==== EXTRACTED ENTRIES
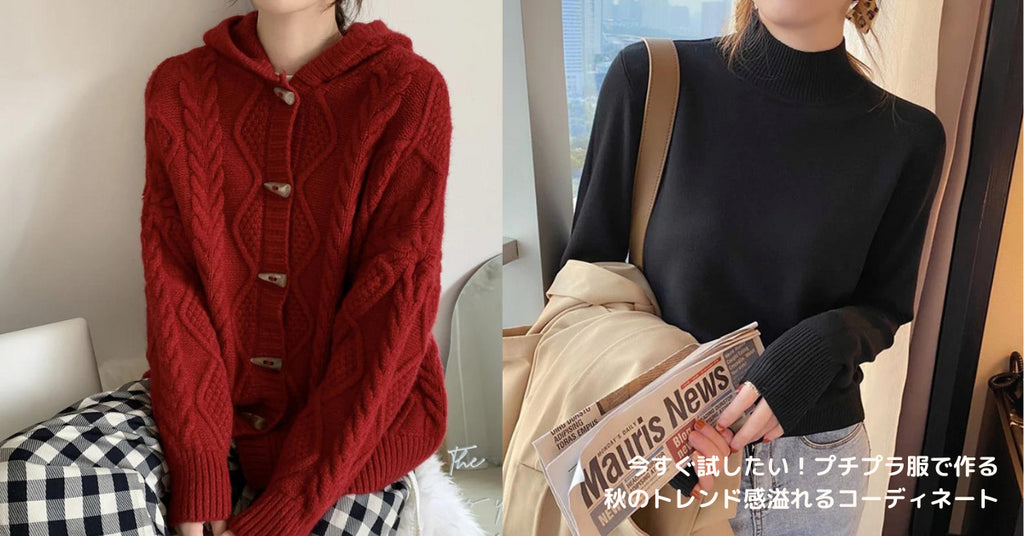 今すぐ試したい!プチプラ服で作る、秋のトレンド感溢れるコーディネート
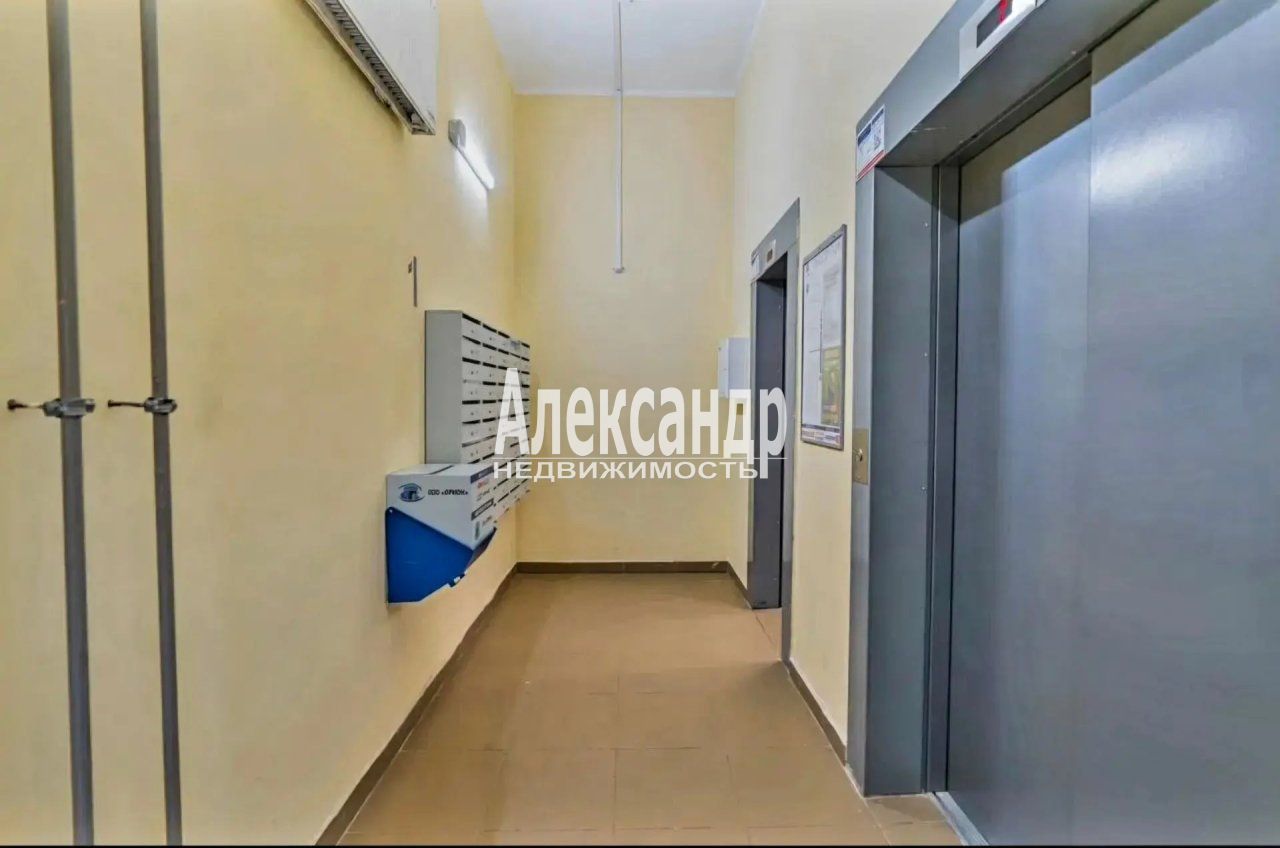 2-комнатная квартира (70м2) на продажу по адресу Ленинградская область, Всеволожский район, Мурино, улица Шоссе в Лаврики, 78к1— фото 24 из 26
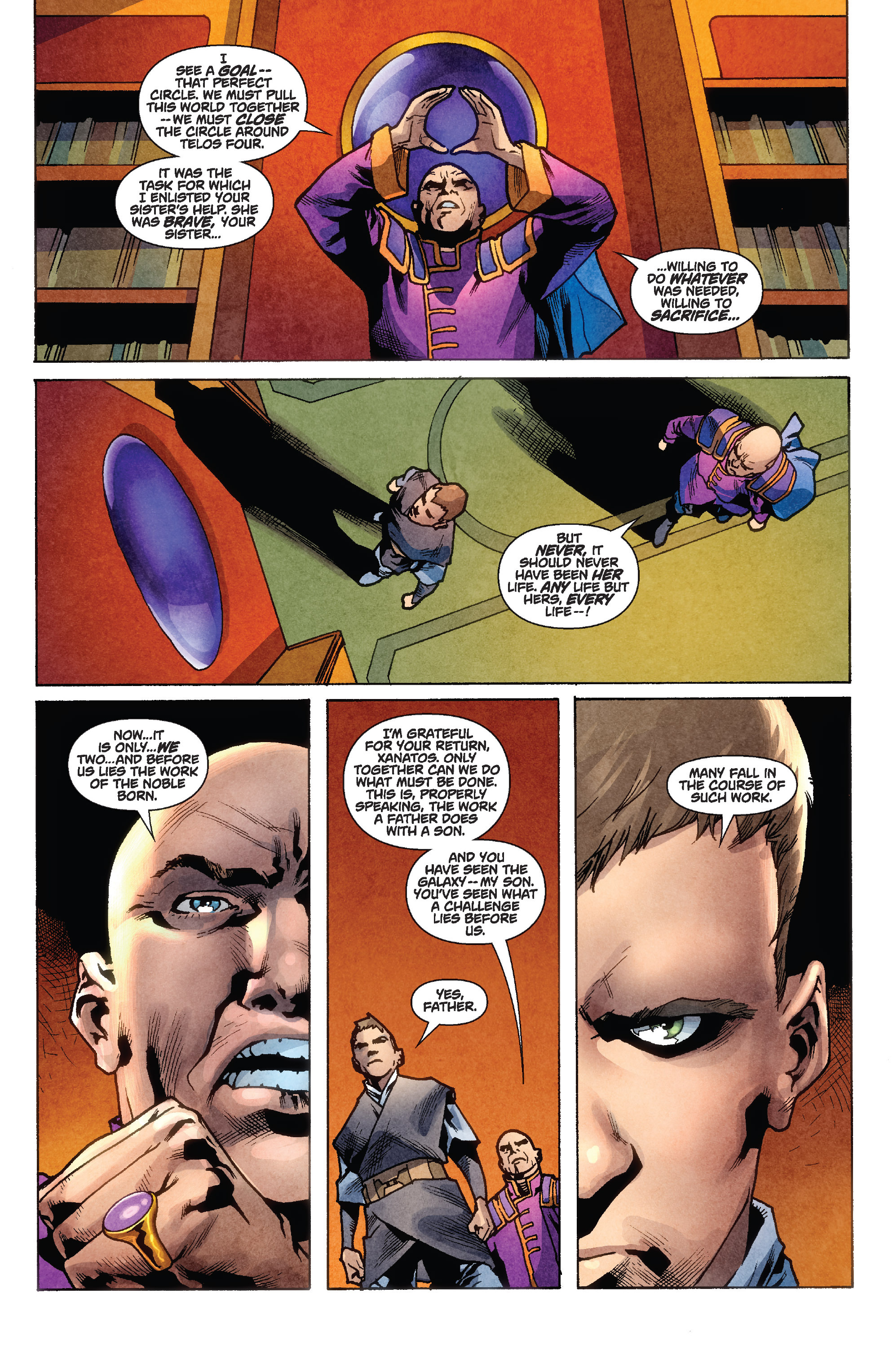 Read online Star Wars Legends: Rise of the Sith - Epic Collection comic -  Issue # TPB 1 (Part 2) - 79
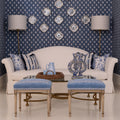 Brighton Sofa in Manali in Blanc
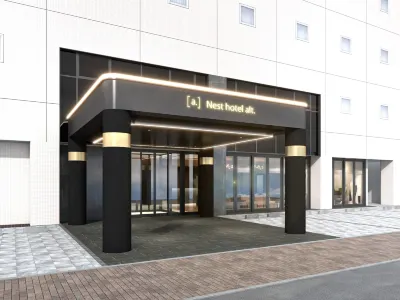 Nest hotel alt. Sapporo Odori(September 2026 Opening) Hotels in odori park Surrounding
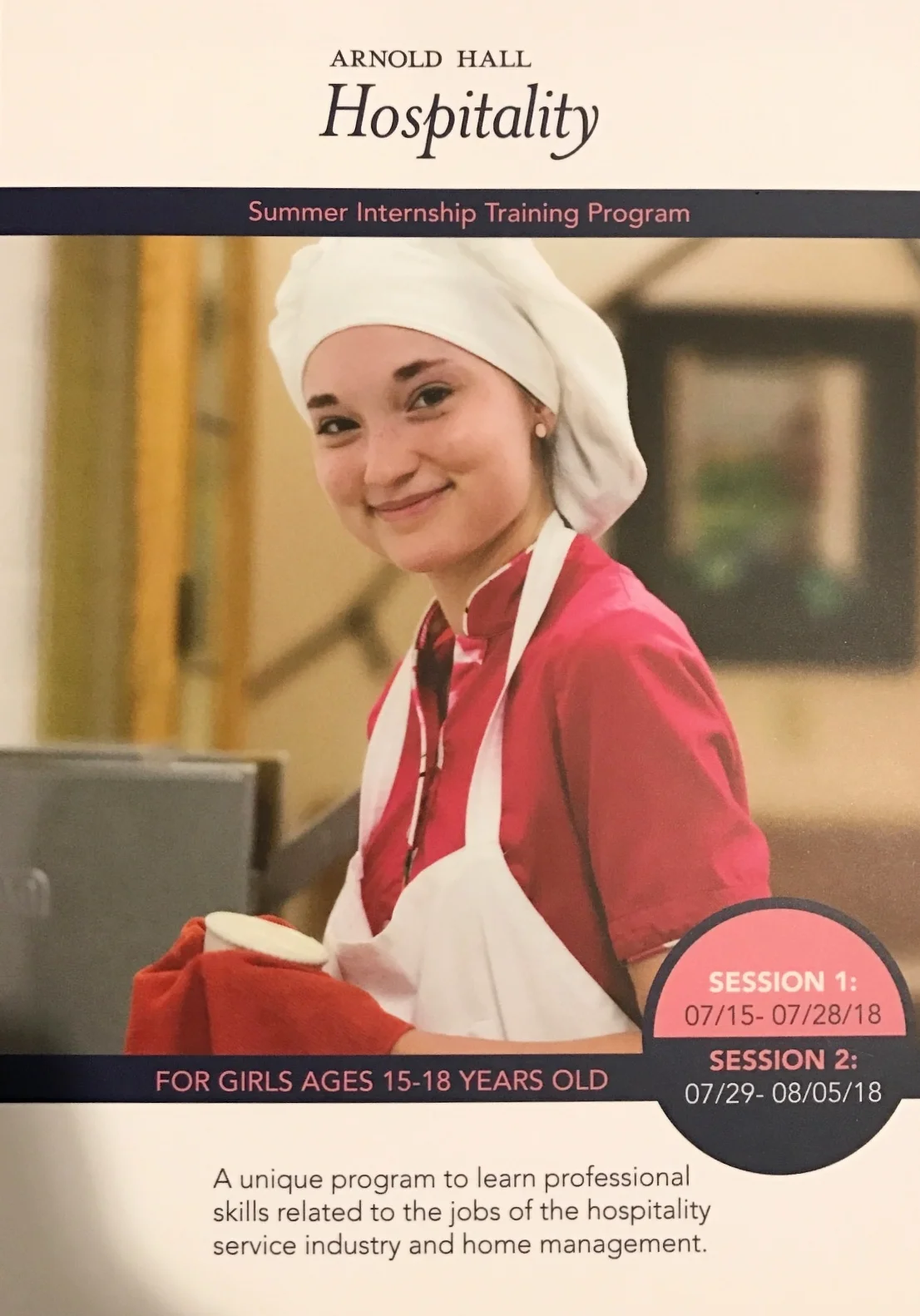 Arnold Hall Hospitality - Session 2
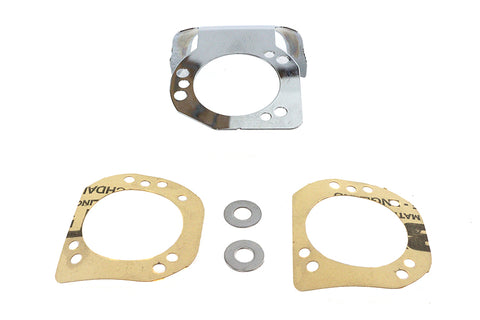 Intake Manifold Cover Chrome - V-Twin Mfg.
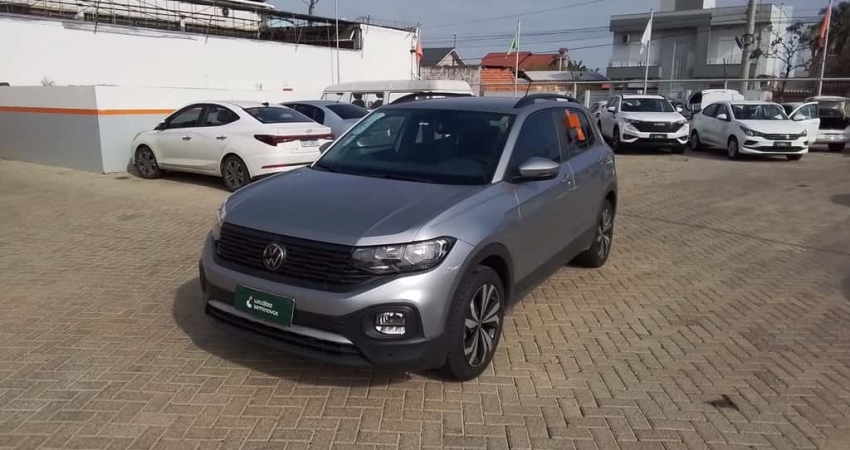 Volkswagen T-cross 2024 1.0 200 tsi total flex automático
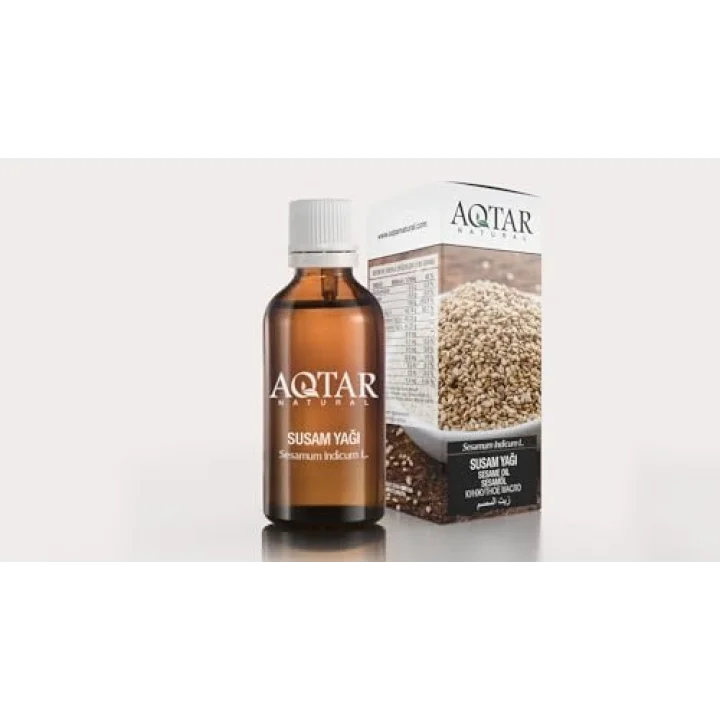 %100 Saf Susam Yağı 50 ML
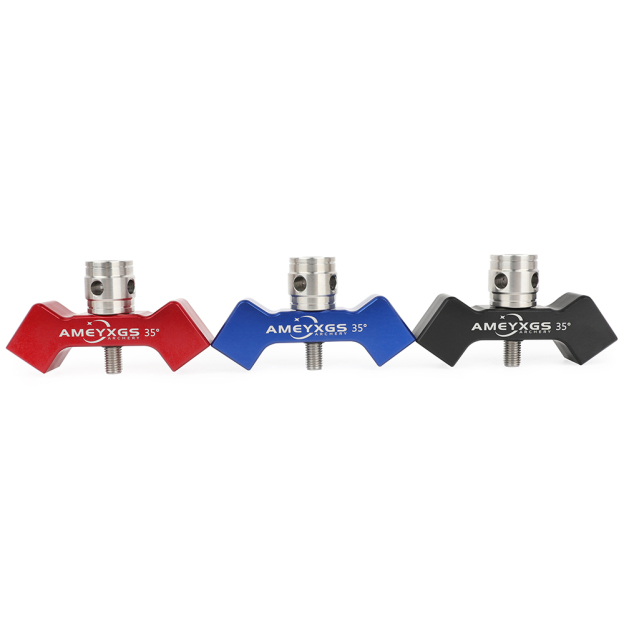 Double Side V-Bar 35 40 45 Degree Archery Bow Stabilizer Mount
========
#### WORK REQUEST
Starting from the first line of the entries above, print each line exactly until the line containing "Brighton Sofa in Manali in Blanc" has been printed, and skip the pictures.

#### OUTPUT OF THE TASK
 今すぐ試したい!プチプラ服で作る、秋のトレンド感溢れるコーディネート
 2-комнатная квартира (70м2) на продажу по адресу Ленинградская область, Всеволожский район, Мурино, улица Шоссе в Лаврики, 78к1— фото 24 из 26
 Read online Star Wars Legends: Rise of the Sith - Epic Collection comic -  Issue # TPB 1 (Part 2) - 79
 Brighton Sofa in Manali in Blanc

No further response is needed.